Steven Stucky died of brain cancer on Sunday at his home in Ithaca, N.Y. at the far too early age of 66. Steve was a respected conductor, teacher and author and served also as a mentor composer for ACO’s 2012 Underwood New Music Readings.
Stucky’s Pulitzer Prize-winning Second Concerto for Orchestra was commissioned and premiered by the Los Angeles Philharmonic in 2004. Steve was a trailblazer in his role as composer in residence beginning at the Los Angeles Philharmonic for more than 20 years. He went on to similar posts with many other orchestras and festivals, all while teaching at Cornell University for 34 years. Steve received numerous commissions and his music has been programmed all over the world. His presence as one of the great American contemporary composers, mentors and teachers will be sorely missed.
Michael Geller writes:
Steve was the warmest, most supportive, knowledgeable, and generous of colleagues. He cared deeply about the craft of composition and its practitioners.

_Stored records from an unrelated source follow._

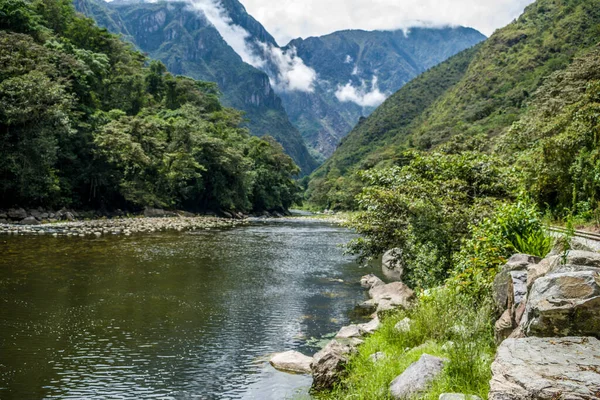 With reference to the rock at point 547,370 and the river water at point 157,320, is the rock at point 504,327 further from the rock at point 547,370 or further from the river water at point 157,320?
the river water at point 157,320

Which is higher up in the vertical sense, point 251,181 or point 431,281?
point 251,181

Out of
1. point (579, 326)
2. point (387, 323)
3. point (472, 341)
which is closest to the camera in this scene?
point (579, 326)

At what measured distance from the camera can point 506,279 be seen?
338 inches

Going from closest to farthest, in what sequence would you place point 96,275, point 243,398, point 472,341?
1. point 472,341
2. point 243,398
3. point 96,275

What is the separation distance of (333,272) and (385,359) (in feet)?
51.1

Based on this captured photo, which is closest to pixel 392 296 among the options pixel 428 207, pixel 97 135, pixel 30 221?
A: pixel 428 207

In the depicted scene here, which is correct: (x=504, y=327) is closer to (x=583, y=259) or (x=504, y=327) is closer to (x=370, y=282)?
(x=583, y=259)

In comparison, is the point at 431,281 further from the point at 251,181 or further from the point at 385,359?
the point at 251,181

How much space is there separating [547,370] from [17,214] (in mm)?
48103

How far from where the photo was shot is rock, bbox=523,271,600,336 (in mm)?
5612

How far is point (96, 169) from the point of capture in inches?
2111

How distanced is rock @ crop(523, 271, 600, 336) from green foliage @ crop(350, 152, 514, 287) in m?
8.64

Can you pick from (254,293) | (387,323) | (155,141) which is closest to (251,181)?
(155,141)

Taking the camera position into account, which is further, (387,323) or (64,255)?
(64,255) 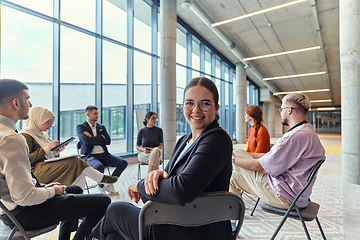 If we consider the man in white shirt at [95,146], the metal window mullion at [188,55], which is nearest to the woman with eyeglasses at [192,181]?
the man in white shirt at [95,146]

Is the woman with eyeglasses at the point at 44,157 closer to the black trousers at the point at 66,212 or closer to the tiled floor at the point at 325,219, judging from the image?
the tiled floor at the point at 325,219

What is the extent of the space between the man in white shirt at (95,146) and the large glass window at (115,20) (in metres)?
3.45

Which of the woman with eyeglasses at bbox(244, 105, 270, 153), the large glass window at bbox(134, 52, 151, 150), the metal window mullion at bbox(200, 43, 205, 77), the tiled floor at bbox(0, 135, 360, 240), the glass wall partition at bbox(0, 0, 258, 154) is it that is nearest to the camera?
the tiled floor at bbox(0, 135, 360, 240)

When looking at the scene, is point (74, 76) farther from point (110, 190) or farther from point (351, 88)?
point (351, 88)

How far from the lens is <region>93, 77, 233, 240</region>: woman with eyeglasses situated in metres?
0.91

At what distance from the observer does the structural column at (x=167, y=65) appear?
6718 mm

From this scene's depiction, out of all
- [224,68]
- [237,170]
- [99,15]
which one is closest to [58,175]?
[237,170]

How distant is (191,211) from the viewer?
0.91 meters

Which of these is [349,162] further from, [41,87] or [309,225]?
[41,87]

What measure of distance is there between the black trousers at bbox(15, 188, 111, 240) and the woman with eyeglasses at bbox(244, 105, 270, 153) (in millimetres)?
2132

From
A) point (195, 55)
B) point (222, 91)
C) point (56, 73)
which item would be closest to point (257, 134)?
point (56, 73)

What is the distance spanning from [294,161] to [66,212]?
1.77m

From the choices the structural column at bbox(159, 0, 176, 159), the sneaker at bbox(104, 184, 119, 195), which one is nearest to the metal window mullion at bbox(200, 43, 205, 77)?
the structural column at bbox(159, 0, 176, 159)

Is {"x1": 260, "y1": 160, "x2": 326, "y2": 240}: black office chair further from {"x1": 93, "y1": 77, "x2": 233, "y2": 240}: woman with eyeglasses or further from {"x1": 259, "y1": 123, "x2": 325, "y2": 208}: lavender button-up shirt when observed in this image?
{"x1": 93, "y1": 77, "x2": 233, "y2": 240}: woman with eyeglasses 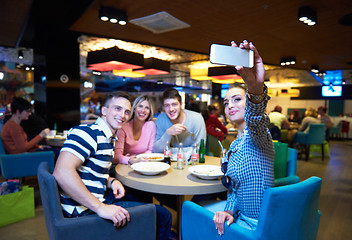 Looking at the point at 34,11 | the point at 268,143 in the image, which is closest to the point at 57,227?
the point at 268,143

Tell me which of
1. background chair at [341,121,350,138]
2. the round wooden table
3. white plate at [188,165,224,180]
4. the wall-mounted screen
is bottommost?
background chair at [341,121,350,138]

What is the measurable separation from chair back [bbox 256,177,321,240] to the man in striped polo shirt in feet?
2.52

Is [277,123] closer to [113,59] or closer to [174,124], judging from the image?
[113,59]

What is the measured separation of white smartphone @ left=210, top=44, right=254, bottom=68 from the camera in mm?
622

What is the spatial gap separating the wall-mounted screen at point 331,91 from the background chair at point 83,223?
52.7 feet

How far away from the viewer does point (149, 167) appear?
6.30ft

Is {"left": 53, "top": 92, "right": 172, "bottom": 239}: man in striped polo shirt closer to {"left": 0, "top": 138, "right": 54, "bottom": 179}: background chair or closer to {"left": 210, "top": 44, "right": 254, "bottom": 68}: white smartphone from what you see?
{"left": 210, "top": 44, "right": 254, "bottom": 68}: white smartphone

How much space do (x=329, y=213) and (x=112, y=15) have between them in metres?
4.29

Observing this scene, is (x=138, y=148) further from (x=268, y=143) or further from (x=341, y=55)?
(x=341, y=55)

Perhaps more than any other composer I (we) have known, Steve felt a responsibility to the art, to his place in the grand sweep of music from past to present; and he took that responsibility very seriously in his own music–which includes some of the finest, most stunningly wrought works to be created in the last 25 years. That legacy carries on in the many colleagues and students who carry the many lessons we learned from Steve over the years.